If this was the Mar., 1970 show at Fillmore East, I was delighted to be there. It seemed an odd lineup: Miles Davis group (playing the material from "Bitches Brew") opened and I thought he seemed annoyed with having to do so... playing for all these stoned college rock fans. Steve Miller Band was next. Then out came Neil, playing a solo / acoustic set. Fabulous. He then took a brief intermission, and then came out with Crazy Horse - and they launched right into the songs from "Everybody Knows..." , including of course, this one. What a concert! Unforgettable!!!! I was happy to see, decades later, that both the Miles Davis set and this one were recorded and available on CD.
Yea, Miles always seemed annoyed, though. Could have been the Turrets, but every time I saw him, he spent a large part of the shows with his back to the audience, playing the horn between his legs! Always cracked us up.

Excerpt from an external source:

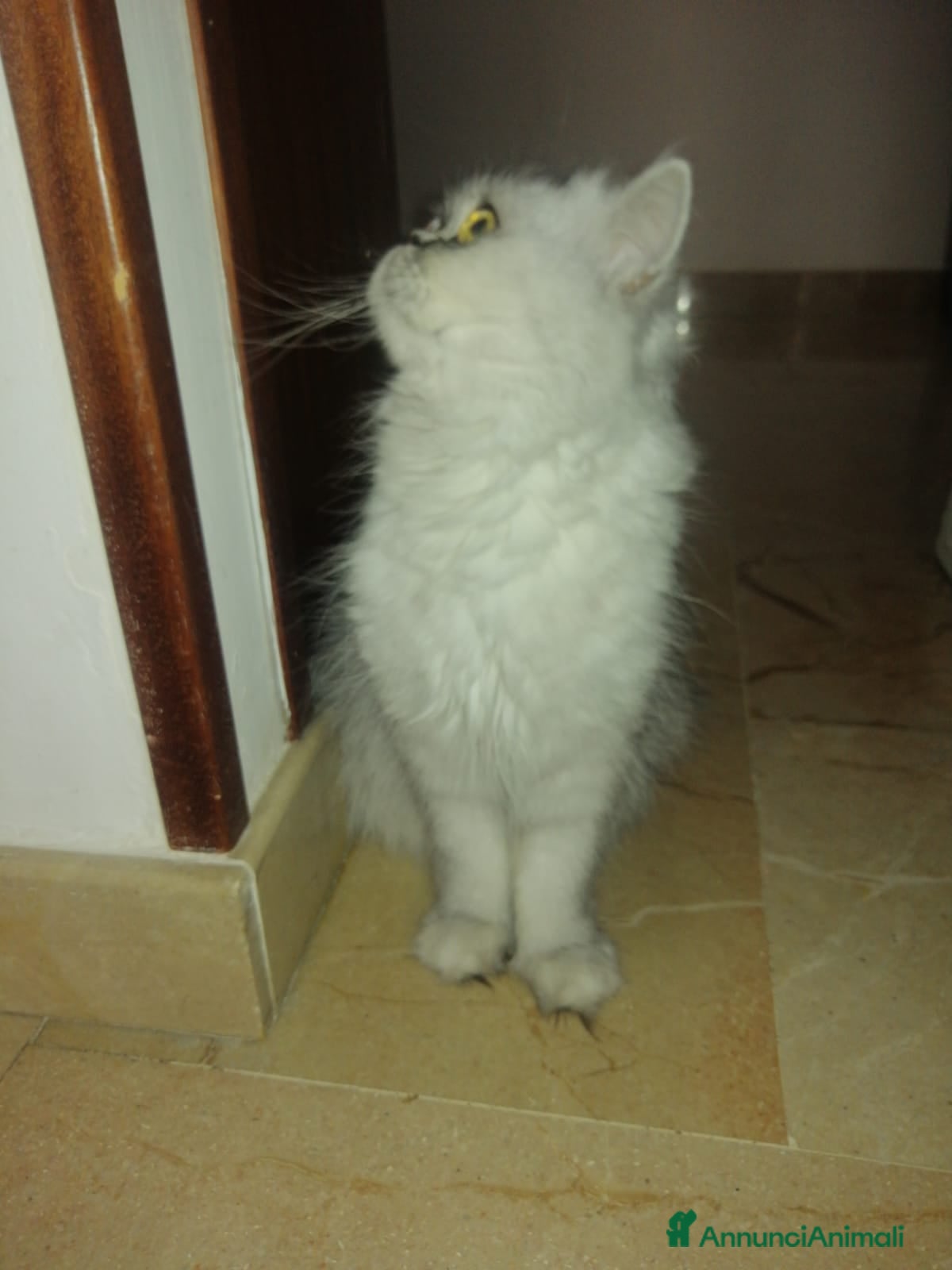 Altre razze gatti Gattini  - Annuncio 1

@@Tigercats1976 No. It was the Fillmore East, in the Lower East Side (East Village) of N.Y.C. The venue was open from 1968 to June 1971, during which the lucky got to choose from an incredible number of concerts, each with amazing lineups. I felt the loss from afar, when it closed.
Those photos remind me of the poster I hung in my room when in High School when this song came out---was Neil and Danny playing, in front of their Altec Speaker Cabinet, Amps, Console etc. and was an Altec Lansing Poster. Classic. Would stare at that while listening to Cowgirl in the Sand, Down by The River, What did you to my Life, Emperor of Wyoming, etc.

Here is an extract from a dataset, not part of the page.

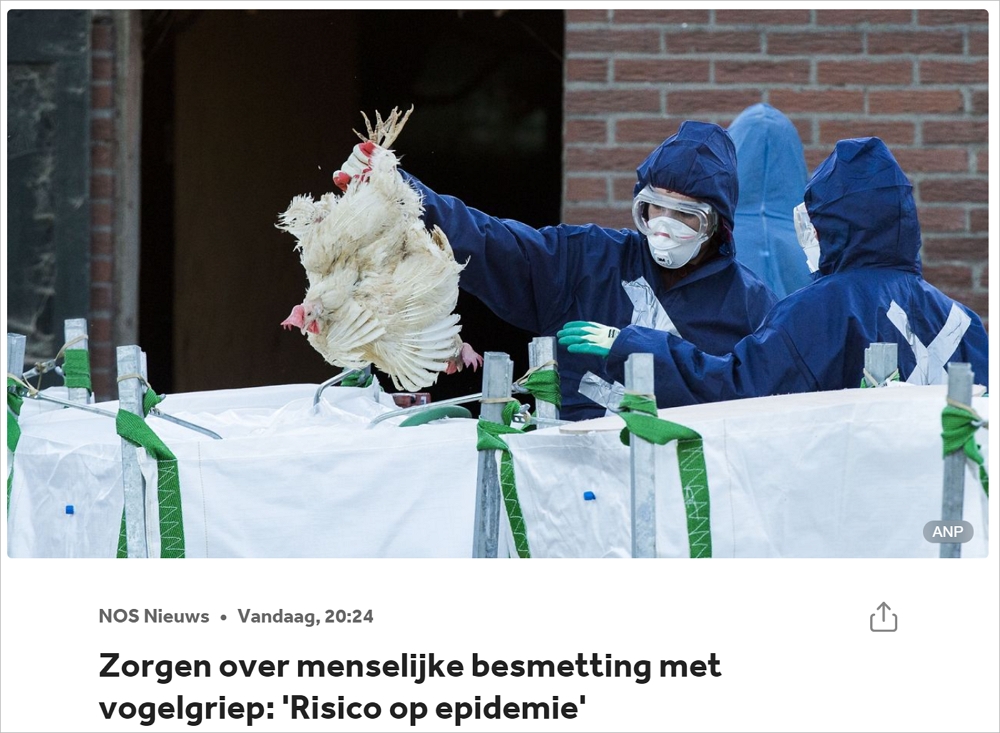 9岁女孩禽流感后重症入院！荷兰病毒学家呼吁提高警惕，不排除出现人传人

I actually heard of CSN&Y before Neil Young solo. When I discovered this about 73( 14 yr old) I was hooked, this album grab me and never let go. I could listen to both side at one sitting time after time. I still think it is his best work.

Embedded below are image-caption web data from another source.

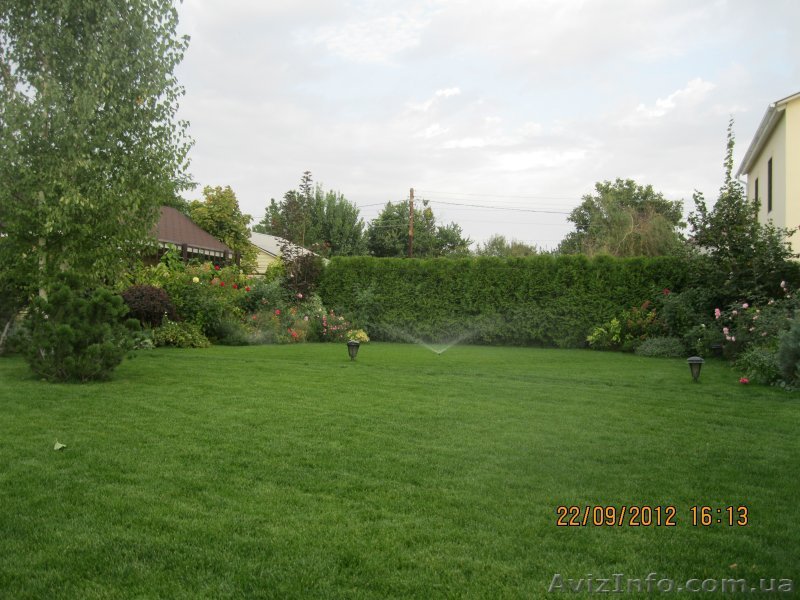 Живопліт. Жива огорожа - <ro>Изображение</ro><ru>Изображение</ru> #1, <ru>Объявление</ru> #1123360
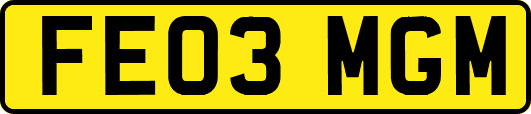 FE03MGM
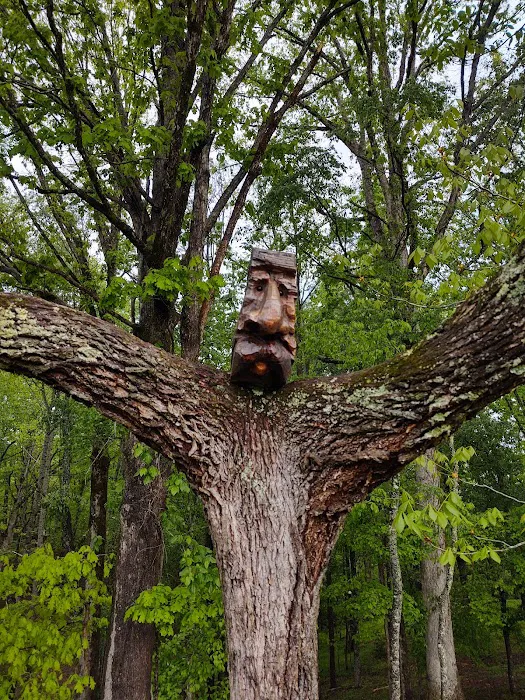 Rolling Meadows Family Campground Picture 10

even it it goes didgital to my ears now, i can hear the real thing! OH YES that sounds so good! Thank YOU! i try this on guitar... oH No never get it like that =) soooooooo cool =) ) greetings
Thank you, thank you so much por posting this video. I will be seeing Neil and Crazy Horse this weekend at the 2024 Jazz Fest in New Orleans. I cannot fuckin' wait.
Careful now bud! Duterte may have ya drawn and quartered just for listening to music that, may or may not have been, recorded under the influence of substances 50 years ago lol. That duterte, I swear me and my buds would like 5 minutes alone with him so he’ll know what pain really is...that is if his throat cancer doesn’t kill him first. In any case he seems like a first-rate asshole. Good luck though pardner, and enjoy the tunes, Neil has a whole repertoire of great music ya should check out if ya didn’t already know
Hey wiseass (danrblahblablah).... if you actually have an ear for it then you most definitely can tell the difference. Stick to your slide whistle kid.
Damn... is Danny Whitten or Neil playing lead? The shredding around 7:55 reminds me so much of Duanes playing on In Memory of Elizabeth Reed. Spectacular on all fronts.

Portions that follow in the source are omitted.